Los jóvenes entre 17 y 20 años que se embarcaron en aquella patera formaban parte de las familias menos pobres entre las pobres de Hansala. Los pobres no tienen nada con lo que mandar a sus hijos hacia la prosperidad o hacia la muerte. El que no tiene una oveja no puede meterse en la patera. Los que fueron lo hicieron porque sus padres vendieron sus rebaños para poder pagar a las mafias el viaje. Todos, menos uno. "Un chico se escapó. Su hermano le había enviado el dinero desde España, pero su padre lo interceptó y se lo quitó. Su hermano le envió de nuevo el dinero. Y se escapó. Murió en la patera. Ese padre no tenía consuelo. Esos chicos sabían a lo que iban. Nunca habían visto el mar, pero sabían que el Estrecho no es un lago", asegura Violeta.
"Rompimos a llorar cuando nos encontramos con las familias. Ellos eran los que nos consolaban. Nos decían que sus hijos eran valiosos... pero ya no estaban. En sus rostros estaba marcado el sufrimiento y el dolor, pero también la entereza. Una mujer nos dijo: El precio ha sido alto, pero ellos acudieron allí a llamar a vuestras puertas y les escuchasteis".
Las palabras de aquella mujer fueron una premonición. Aquel viaje fue el origen de una actividad incesante que ha cambiado la fisonomía de Hansala. Violeta y sus compañeros regresaron a España con el firme propósito de hacer algo de inmediato. "No teníamos tiempo para esperar buenas palabras de los políticos. Hansala no podía esperar tanto. Nuestra filosofía era ven y conoce Hansala y piensa qué puedes hacer". Todo lo que ha transformado Hansala en estos últimos diez años ha salido -con algunas excepciones- de los bolsillos de una asociación que decidió llamarse Solidaridad Directa (y en la palabra 'directo' ya va toda una filosofía) y de la manos de los hombres y mujeres de Hansala.
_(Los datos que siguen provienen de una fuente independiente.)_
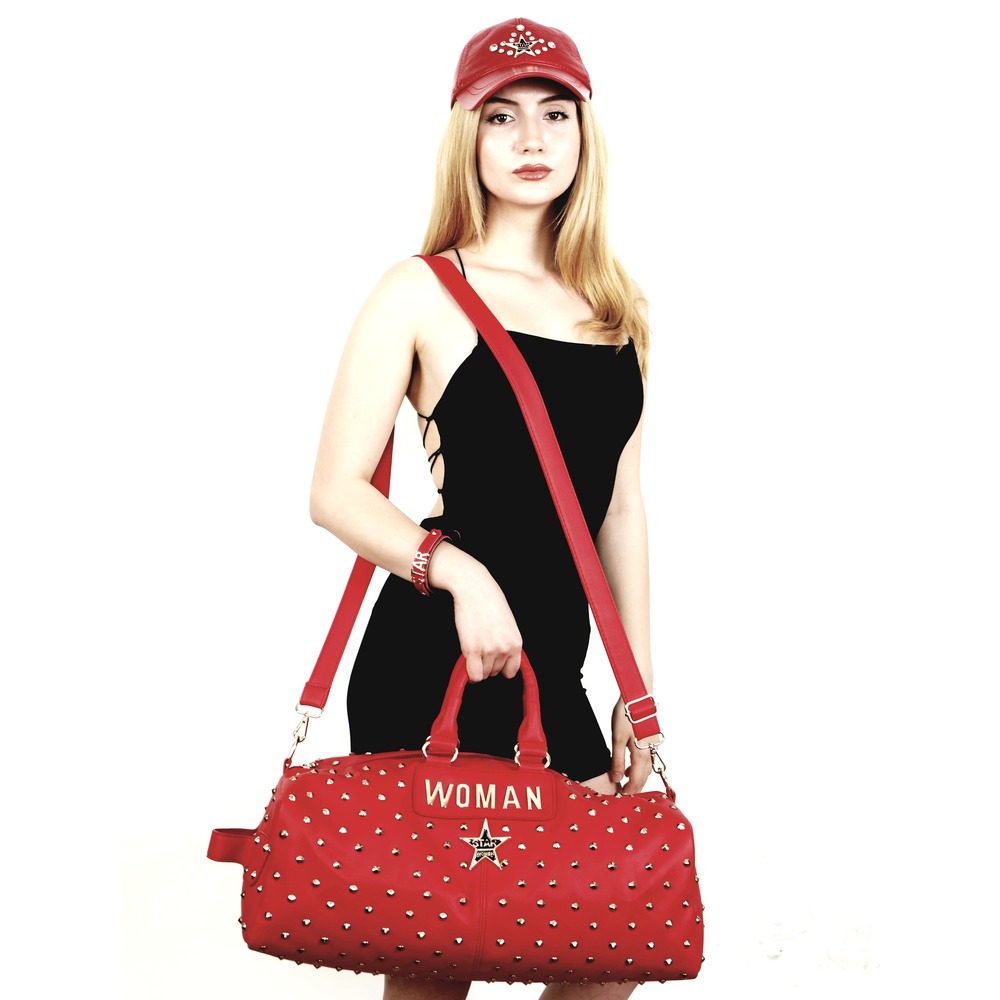 WOMAN ALL STAR BAG BEYAZ YILDIZ SPOR ÇANTA SET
Ellos fueron la mano de obra para levantar un dispensario en la explanada que labraba aquel hombre, una escuela, las cocinas con butano que permiten que las mujeres no tengan que cargar con leña... "Rápido, centralizado en un objetivo y y respondiendo a las necesidades sin intermediarios. El dinero de Solidaridad Directa iba directamente al objetivo, a comprar ganado, a las becas para chavales y al fondo para los estudios de los tres huérfanos de la patera".
Ningún joven más ha salido de Hansala desde aquel dramático octubre. El pueblo ha ido creciendo e incluso se ha creado un pequeño núcleo urbano. Hace poco un inmigrante italiano, árabe, empezó a construirse una segunda residencia en Hansala. "Es un paisaje precioso -señala Violeta- Irá más gente a Hansala. Esto no ha hecho nada más que empezar".